Costa da Caparica | Reposição de areia nas praias retomada
9 milhões de euros para mitigar a erosão costeira e os galgamentos de mar
Os trabalhos de reposição das areias nas praias da Costa e São João da Caparica, foram retomados hoje, 16 de Abril, segundo a Agência Portuguesa do Ambiente (APA).
O processo vai obrigar a que as zonas intervencionadas sejam interditas aos banhistas, sendo o seu fecho faseado: à medida que os trabalhos terminam numa praia, essa é reaberta, sendo depois intervencionada a seguinte.
Os trabalhos estão a ser efectuados de Norte para Sul, iniciando-se na praia de S. João da Caparica e terminando na Nova Praia. As primeiras operações começaram hoje na zona de S. João da Caparica, e no total o prazo de execução estender-se-á até Junho.
A obra recomeçou com a recolocação da linha de repulsão de areia na praia de S. João da Caparica, um trabalho que deverá estar concluído até ao final desta semana. Para a semana, está previsto o início dos trabalhos de repulsão de areia com dragas. Ainda em Abril, começam as intervenções nas praias de Santo António, do Tarquínio-Paraíso e do Dragão Vermelho, seguindo-se a Praia Nova e a Nova Praia entre Maio e Junho, de acordo com o planeamento da APA, publicado pela Câmara Municipal de Almada (CMA).
Esta é uma obra que tem por objectivos mitigar a erosão costeira e o risco para pessoas e bens, melhorar a estabilidade da linha de costa, reduzir a vulnerabilidade ao galgamento e à inundação, e proteger obras de engenharia costeira, como os esporões.
Segundo informação da APA, o processo é retomado agora tendo em conta a “previsão de condições de agitação marítimas favoráveis”. A empreitada estava suspensa desde Novembro do ano passado, “por ausência de condições meteorológicas que possibilitassem garantir a segurança dos trabalhos e os objectivos propostos”.
Aprovada pelo Governo a 26 de Fevereiro de 2025 e consignada pela APA a 25 de Setembro do mesmo ano, a obra é também da responsabilidade da Administração do Porto de Lisboa (APL) e representa um investimento total de 8,9 milhões de euros (ME), sendo financiada por fundos europeus, através do Programa Temático para a Acção Climática e Sustentabilidade (PACS), e pelo investimento da Administração do Porto de Lisboa. S.A..
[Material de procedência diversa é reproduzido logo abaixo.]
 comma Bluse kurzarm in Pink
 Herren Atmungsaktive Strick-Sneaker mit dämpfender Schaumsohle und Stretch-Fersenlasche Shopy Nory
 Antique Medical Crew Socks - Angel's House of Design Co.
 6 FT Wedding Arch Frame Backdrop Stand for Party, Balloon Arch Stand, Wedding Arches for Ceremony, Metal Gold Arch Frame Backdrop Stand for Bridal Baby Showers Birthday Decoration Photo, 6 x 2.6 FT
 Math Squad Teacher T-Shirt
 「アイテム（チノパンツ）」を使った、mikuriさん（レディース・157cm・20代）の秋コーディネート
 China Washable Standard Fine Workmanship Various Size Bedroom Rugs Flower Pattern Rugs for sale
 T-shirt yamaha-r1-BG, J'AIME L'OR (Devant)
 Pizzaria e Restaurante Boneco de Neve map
Os trabalhos, com o prazo de execução de 60 dias, contemplam a alimentação da praia emersa, com um volume total de 1.000.000 metros cúbicos, acrescenta a agência na informação divulgada. A zona de empréstimo dos sedimentos localiza-se na entrada do estuário do Tejo, mais precisamente no Canal da Barra Sul.
Os danos causados pelo mau tempo entre Outubro e Fevereiro no litoral de Portugal continental obrigam a um investimento de111 milhões de euros, dos quais 15 milhões para aplicar antes do Verão, segundo um relatório divulgado a 11 de Março pela APA, que alertava para uma recuperação “lenta e gradual” das praias.
O investimento pretende responder aos “impactos significativos na faixa costeira de Portugal continental” decorrentes dos efeitos das tempestades de Janeiro e Fevereiro – Ingrid, Joseph, Kristin, Leonardo e Marta –, entre danos em infraestruturas, estruturas de protecção costeira, recuo da linha de costa e alterações na morfologia das praias.
Também esta Quinta-Feira, terminou a interdição de circulação automóvel e pedonal na via principal de acesso às praias da Costa da Caparica, entre a praia do Rei e a praia da Bela Vista, que esteve em vigor nos últimos dois meses devido à conclusão dos trabalhos de pavimentação da primeira fase da empreitada de melhoramento dos acessos às praias.